The author has demonstrated an ability to not be afraid of some explicit and graphic detail. That was wonderful. All too often I read debut novels where the author is clearly holding back.  They can sometimes be skittish of all sorts of things – from sex scenes to necessary plot points to character development that might give us Creepy Rob Lowe instead of directv-painfully-awkward-rob-lowe-commercialHandsome Rob Lowe.  That is not the case here. Is there room for refinement, sure. But no book is perfect. There was a clear plan for the characters and we are given a great introduction to a number of characters who can easily serve as the next few installments, without feeling like the characters were afterthoughts merely for the purpose of providing the fodder for the next book. Instead, they served purposes beyond just being there ready for an installment of their own. I loved that aspect. We are given some back story for many of them so that it should be easy to nurture an attachment, and thus be left clamoring for an installment dedicated to each of them. Sabin, Jared, Dorian – all have great potential and I was left wanting more from each.

A big motivator in reading from this genre is the anticipation of reading a well written juicy scene or five. And there was a good bit of juice. While I am a little used to seeing some of this a little earlier in this particular genre (versus what is more generally classified as romance), it’s not like I was waiting for long. And each scene left me enraptured in what I was reading.  But, there were moments when the scenes needed a little help with the continuity.  I sometimes was reading a scene, trying to picture the characters in the throws of passion and I had to stop to re-read.  And I needed to re-read because I couldn’t follow how the characters ended up the way the were.  It was as if there were a few frames missing from the scene of the movie – I still got the gist, but I knew something had skipped a beat and was ever so slightly off too.  And while I am not squeamish when it comes to the descriptors for human anatomy, there was an interesting juxtaposition of hard core terms with very soft core terms and descriptions so that when the harder terms popped up they felt a little startling or unexpected.  What I mean is that there isn’t enough balance between the two to make it more natural to read both types of descriptions together.  And there were moments when I felt that I wanted more.  Erotica, to me anyway, isn’t the less is more leaving room for a reader’s imagination to fill in the blanks.  Instead, you should be getting the gritty details in all their glory.  There were moments when this too felt a little imbalanced – too much and not enough details at the same time.  This, I think will improve, the more experience the author gets at writing these scenes.  I will note that this book is a particular brand of erotica, one that I don’t read much of.  I read books with elements or scenes of this but it isn’t often I read something dedicated solely to this type of play.  You need to be ready for it.  It can’t be easy to write and the author clearly didn’t let that intimidate.  And that, despite what might seem like criticism here, is really a compliment.  I loved that there was no bashfulness here.  When it was necessary to use certain words, they were used.  No pussy-footing around (pun really not intended!).  I wish that was the case with more of what I read.

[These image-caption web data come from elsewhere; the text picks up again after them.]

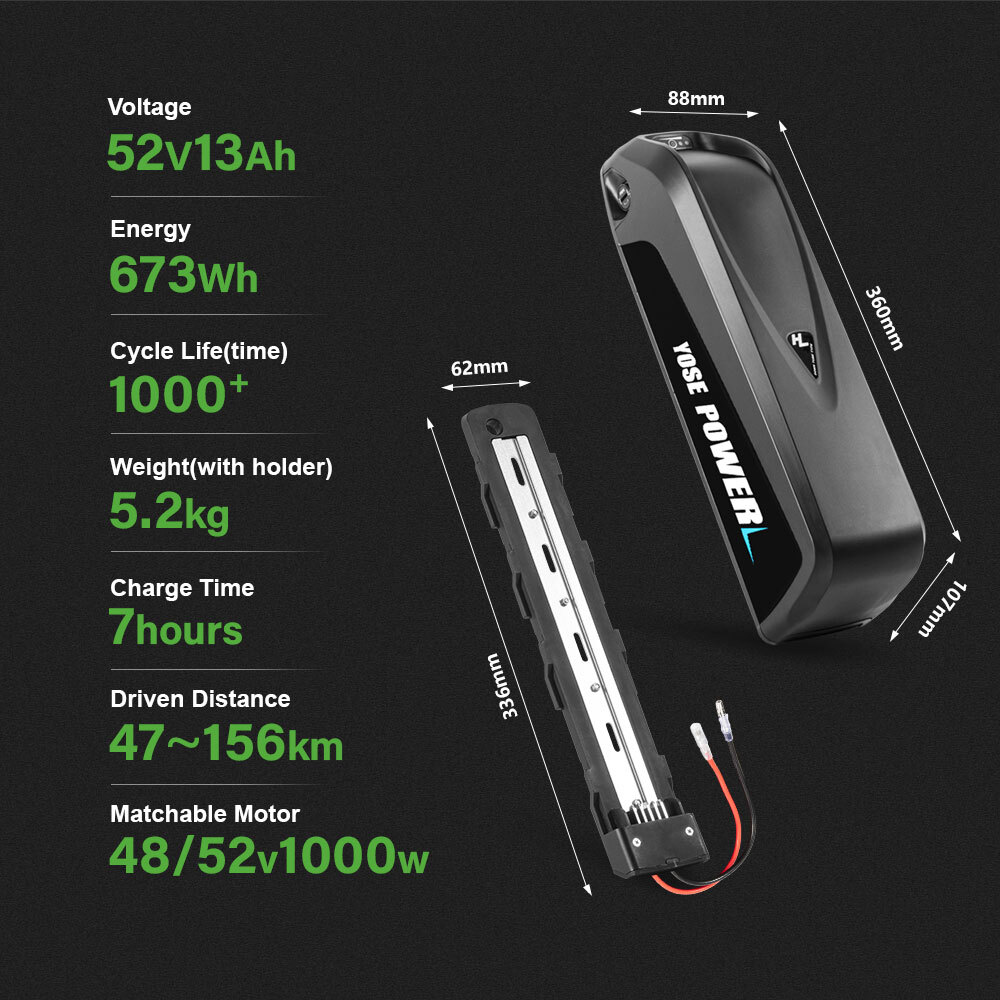 Electric Bike Hailong Battery 52V 48V 36V 15Ah 17Ah 20Ah Lithium Ebike Battery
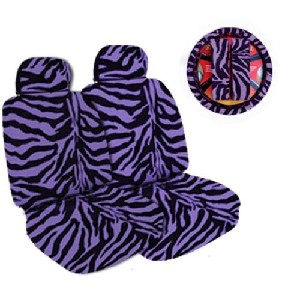 Purple Zebra Car Seat and Headrest Cover Set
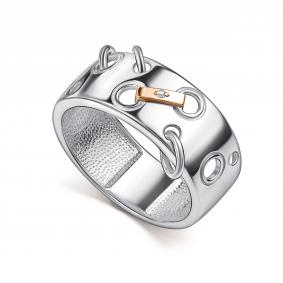 Серебряное кольцо АЛЬКОР с золотой накладкой и бриллиантом 01-5732/000Б-00 01-5732/000Б-00 фото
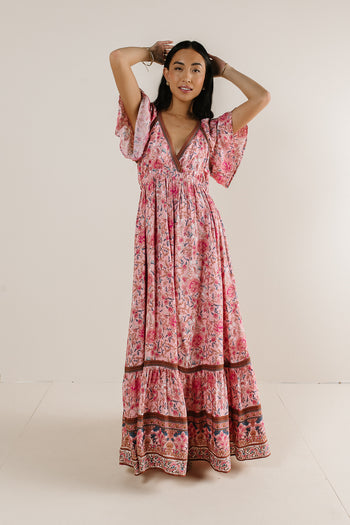 empire waist maxi dress in pink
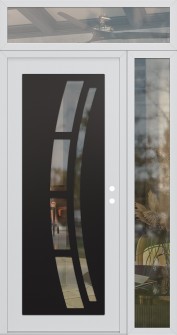 Diamond C12 50" x 96" white/white clear Glass Panel black LHI with Sidelite and Transom clear Glass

Clearly the author had a vision for the story and her characters. And she executed on that vision. I was not left wondering where the story was going.  This is a good thing.  No, a great thing, in this genre.  I don’t read these books for sherlockthe mystery.  I read them for the, ahem, relationship between the characters.  Sure, if it’s a mystery that is driving the plot forward and getting us from chapter-one to chapter-the-end great.  But that’s secondary to the other elements, in my mind anyway.  I don’t want to have to pretend to be Sherlock Holmes while reading this genre (although reading while sitting next to Benedict’s Sherlock would be ok! **wink, wink**).  The little bit of mystery here was ok as it moved the plot in a forward direction so that there was some meaning in things, besides just the coupling activities.  It was totally guessable, but since I want it to be secondary, that’s fine.  The author did a splendid job of moving the characters froward, developing them, and even made Juli pretty complex (which is what made her revelations about the world she gets wrapped up in so satisfying).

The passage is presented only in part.